Fedora's Cloud Future (and, self (re-)introduction)

Lennart Poettering mzerqung at 0pointer.de
Wed Sep 19 19:04:52 UTC 2012

On Wed, 19.09.12 14:10, Matthew Miller (mattdm at fedoraproject.org) wrote:

> If any of this sounds interesting, please come on over to the Cloud SIG,
> centered around the mailing list
>   <https://admin.fedoraproject.org/mailman/listinfo/cloud>
> and pitch in. And if the words "strategic" and "planning" make your eyes
> glaze over, don't worry. This is going to be a *doing* thing, not just a
> *talking* thing. Computing as a whole is _really_ at one of those big
> inflection points, and it's going to take a lot of action to bring us on
> over to the other side — where we've got a *lot* to contribute that the
> world shouldn't miss out on.

I think there are two crucial requirements to make Fedora fun in the cloud:

a) We should regularly test Fedora in containers. Containers are a core
   feature to allow cloud providers overcommit their resources more
   drastically. I spent some time on making systemd boot up relatively
   cleanly in an nspawn/libvirt-lxc container (simply because it makes
   it easier for me to debug systemd), but that's just systemd and not
   the whole distro and right now it's a lot more fun to run systemd in
   a Debian container on Fedora than on systemd in a Fedora container on
   Fedora (audit...). If Fedora cares for the cloud, then we probably
   should declare container boots something that is on the level on a
   "release architecture", by which I mean that it is regularly tested
   and a requirement for release. This really is an area where some
   pressure could be needed.

   The systemd test suite actually builds an OS image that is booted
   once inside of kvm, and once in nspawn, to make sure we get
   everything right in systemd, and that the very same image can be
   booted both ways unaltered and entirely stateless. I'd like to see a
   similar level of testing in all of Fedora, too.

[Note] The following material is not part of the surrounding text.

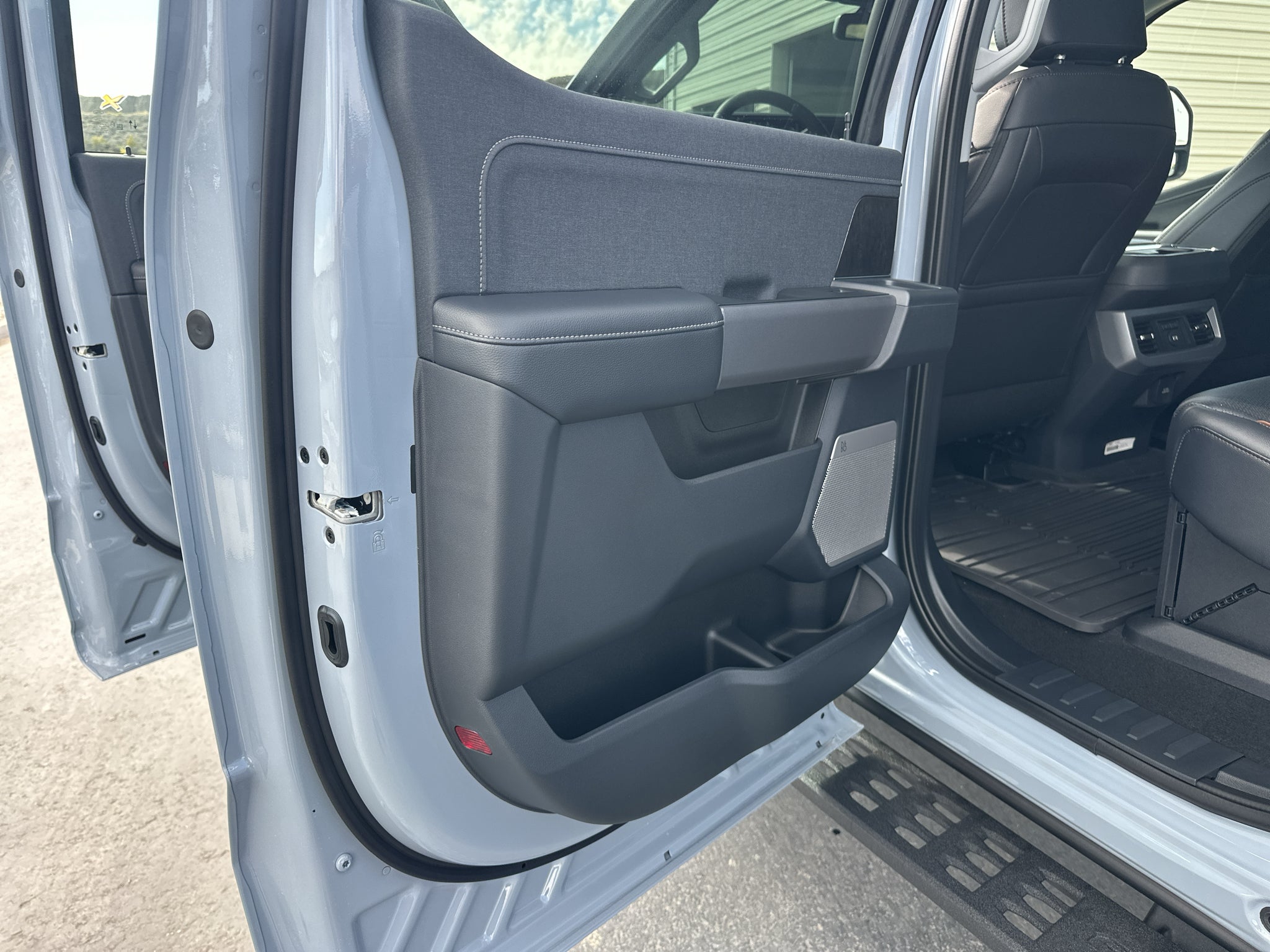2027 Ford F-350 F-350® Lariat®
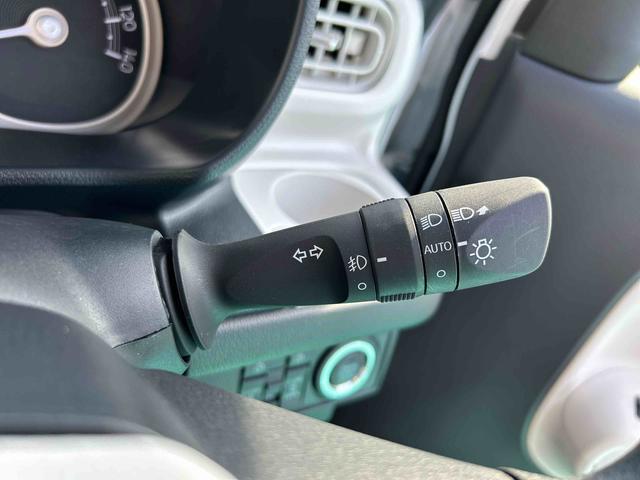 ムーヴキャンバスストライプスＧ２ＷＤ　純正７インチナビ　バックカメラ　シートヒーター　スマアシ　電動パーキングブレーキ（石川県）の中古車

b) We should try much harder to lower the resource cost per
   container. If cloud providers need less disk space, less CPU, and
   less memory per container, then this allows them to run much more
   containers on one system. And that translates directly to cash for
   them. For one this means we should try much
   harder to reduce the minimal installation set of packages of
   Fedora. And that probably means regularly posting blame lists (whose
   packages pull in 100MB more this time? Who is the king of adding new
   dependencies?) and having somebody who really invests the work in
   splitting up packages to minimize deps. But it also means running
   services more often by activation on demand (socket
   primarily). i.e. if a cloud provider wants to grant SSH access to
   customers for their individual containers he
   shouldn't have to run one sshd per container, but should just have
   the socket listening. i.e. having 5000 sockets listening on a machine
   is relatively cheap. Running 5000 sshd instances on a machine is
   quite expensive.

In summary: I believe that containers are a big part of being awesome in
the cloud. And right now running Fedora inside a container is not that
great an experience. It kinda works, but it's very very rough around the

Yes, I know I should have subscribed to the ML and posted that there,
but I am soooo lazy to do that for one mail only... I apologize.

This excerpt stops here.